Tax exile is a growing phenomenon, both in terms of the profiles affected and the destinations, and at the center of these departures is a costly, complex and unstable French tax system.

Dear French people living abroad,

You're often singled out by some in the media and political circles. And yet, anyone who knows anything about the subject knows that "tax exiles" - French people who leave France to settle permanently outside the country - do so for a whole range of reasons. Among the main factors, many cite the complexity of the French tax system as a trigger.

And, as you well know, contrary to some people's shortcuts, tax exile has nothing to do with tax optimization or tax evasion: it's all about living abroad, usually with your whole family. So there's no point in criticizing French people who leave, and it certainly won't convince you to return!
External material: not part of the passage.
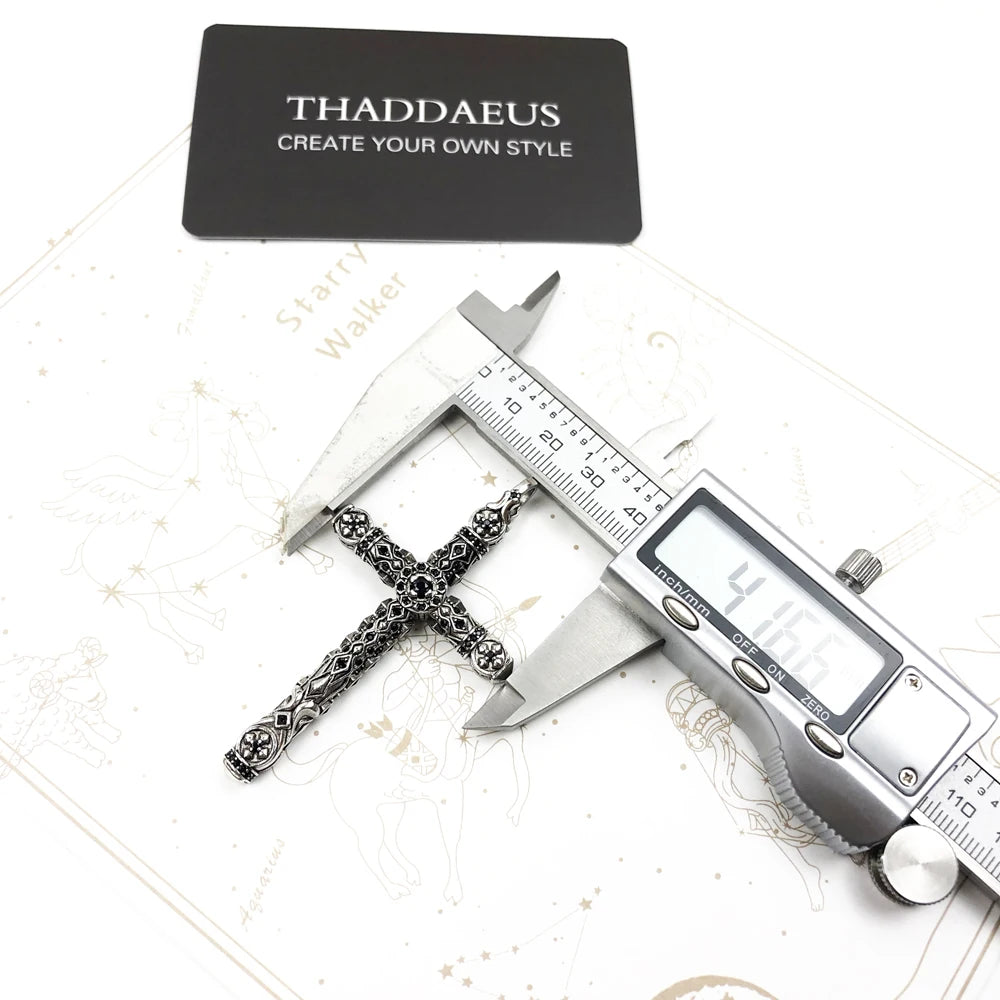 Damen-Charm-Anhänger Kreuz und Krone majestätisch II aus Sterlingsilber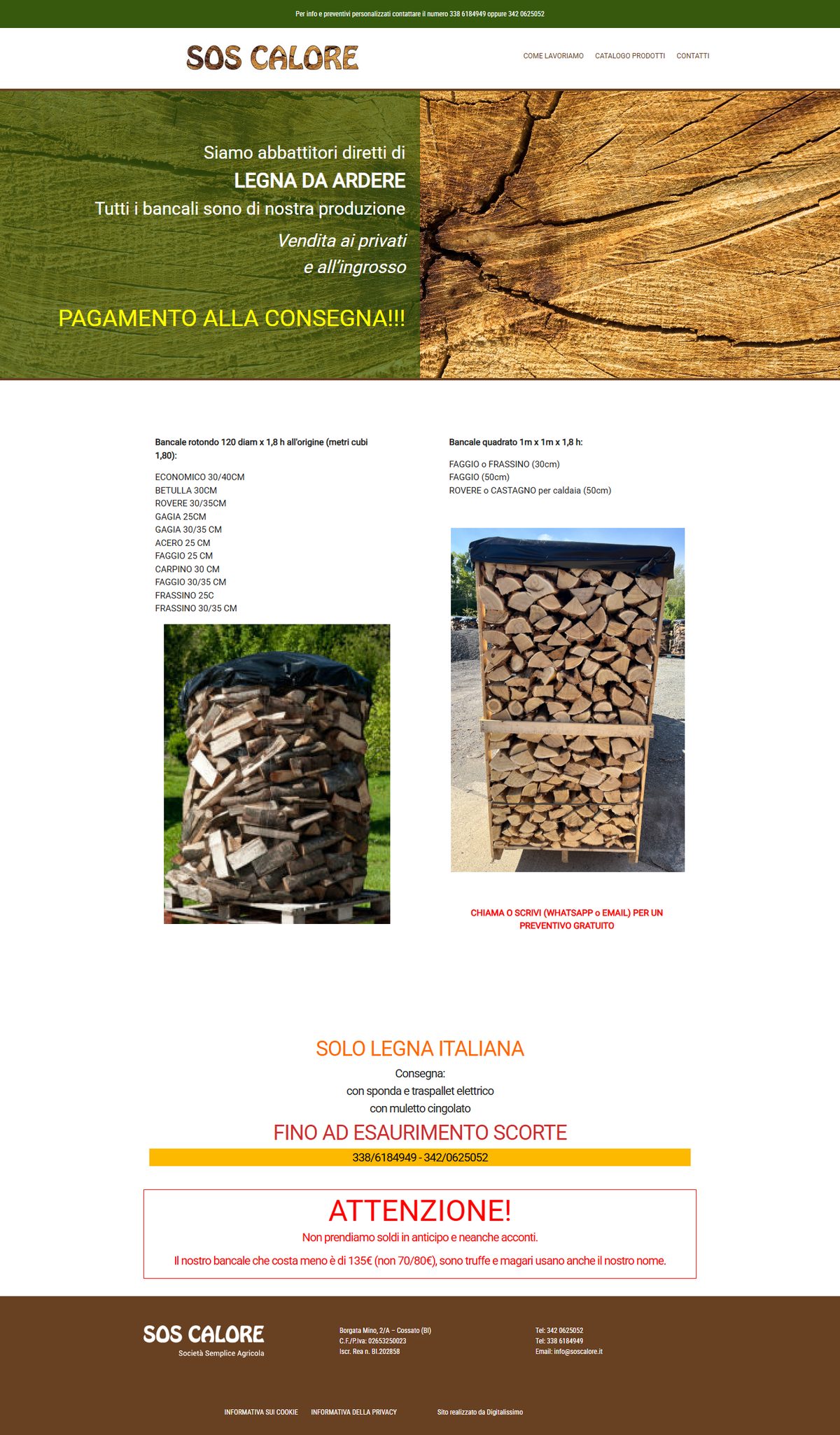 Home page del sito SOS Calore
Especially since the election of François Hollande, tax exile has continued to accelerate, with more French taxpayers moving abroad than ever before. According to the French Ministry of Foreign Affairs, the French community established outside France now stands at 1.6 million, representing a total of 2 to 2.5 million French citizens.

In addition to this increase in the number of departures, there's another recent feature in the change in destinations. While the arrival in power of François Mitterrand in 1981 led to the flight of large French fortunes abroad, the countries concerned were mainly limited to Switzerland, followed by England and Belgium. Today, the French are also heading for Morocco, Thailand and Portugal. For example, the Ministry estimates the French community in Portugal at around 30,000 (updated June 2015).

What's new is that tax exile also concerns a much broader spectrum of social categories. Gone are the fantasies of the "rich" moving abroad: many middle-class families, students and young professionals are leaving our country early to make a life for themselves elsewhere. An increasing number of retirees are also spending their retirement years abroad.

Yet France is not condemned to fiscal hell. Major reforms need to be implemented immediately after the 2017 presidential election. As a matter of urgency, taxes must be reduced, with a 10% cut in income tax, abolition of the wealth tax (ISF) and exemption from inheritance tax so that our heirs can benefit from the fruits of our labor, so that "transmission" is no longer a dirty word. Inheritances up to 400,000 euros must be exempt from this tax, which today adds tax to tax right up to the grave.